Why not just eject Greece?

by Kris_Tuttle on April 9, 2010

Okay so we don’t know any­thing about pol­i­tics or eco­nom­ics but let’s look at Euro-land like a stock.

There are a bunch of dif­fer­ent busi­nesses, from the long-established Ger­many and France (cash cows) and the up-and-coming coun­tries like the Czech Repub­lic (stars.)

But then you have Greece. In the strate­gic analy­sis it is a dog. It’s not pro­vid­ing growth or pos­i­tive cash flow. They have had many warn­ings and restruc­tur­ing pro­grams but there is still no end in sight.

Greece seems to have com­pounded their prob­lems with fraud and try­ing to con­ceal the depths of their issues from Euro HQ and the other divisions.

What’s the right thing to do?

In this case you jet­ti­son the divi­sion and let it find it’s own way.

How does Europe lose by mak­ing an exam­ple of Greece? Some say that yields on Euro bonds would have to go up. I say not so. Ger­many and France will still be Ger­many and France. If any­thing they will improve because investors will know that they will not have to pay for chronic prob­lems like Greece.

After all, yields on state and local debt in the US vary from place to place and all dif­fer by instru­ment type and have a spread over trea­suries. Why shouldn’t Euro­pean coun­try debt have the same dynamic? Just because it’s the same cur­rency doesn’t mean we can’t ana­lyze and price coun­try risk separately.

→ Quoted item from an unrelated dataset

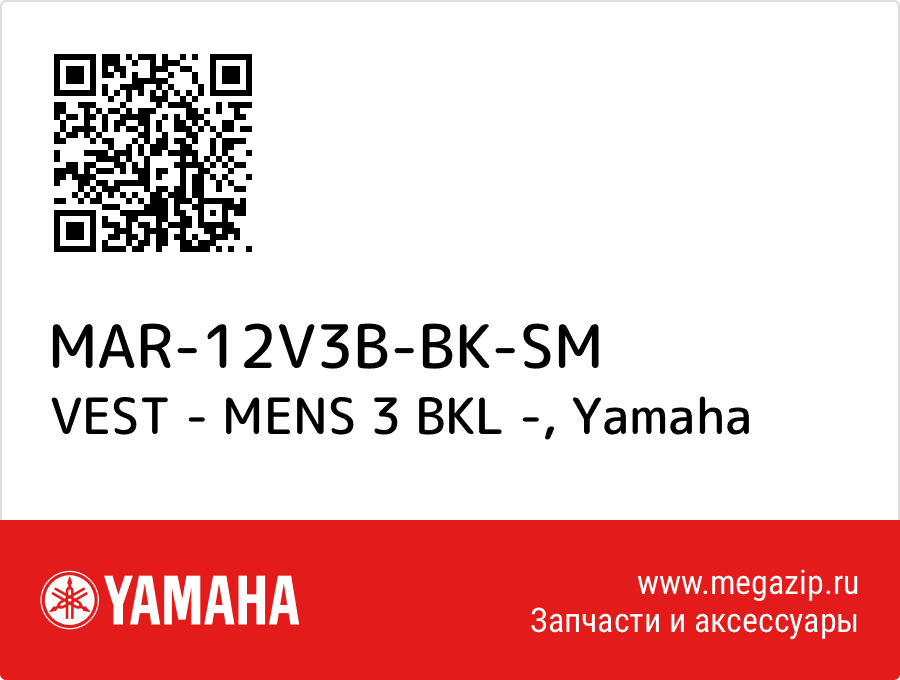 

VEST - MENS 3 BKL - Yamaha MAR-12V3B-BK-SM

What will hap­pen to Greece? Noth­ing. They can go back to their own cur­rency and try to restore con­fi­dence in their sys­tem, coun­try and econ­omy. Some Greek com­pa­nies and peo­ple might lose some mobil­ity or busi­ness pref­er­ences but they cer­tainly won’t be fatal. This is Greece after all. The inter­na­tional com­pa­nies there built them­selves up before and dur­ing the Euro area. They will con­tinue to do so after.

The Euro makes a state­ment that they know how to deal with change in both direc­tions. So far it’s been absorb, grow, and expand. Every busi­ness has to prove it knows how to deal with prob­lem divi­sions, mar­kets and man­age­ment teams.

By the way — by all appear­ances there are many investors sali­vat­ing at the chance to buy Greek assets on the cheap. Get­ting dropped from the EU might be the best thing that ever hap­pened to the coun­try and also a good thing for Europe and the Euro.

There will still be major ben­e­fits to being part of the EU, but there are also ben­e­fits from not being part of the EU — and they cut both ways.

I say eject Greece and focus on build­ing a strong EU. If you can’t let a chron­i­cally weak divi­sion fail then you are not going to have a strong company.

{ 1 comment }

Steve Waite April 9, 2010 at 5:07 PM

Makes a lot of sense, Kris. The only problem as I understand it is that there is no formal mechanism within the EU charter currently to evict a badly performing divsion (country). There would have to be an amendment to the EU charter that is ratified by all members. Not sure if there is enough support within the EU to get that done. Will certainly be interesting to watch.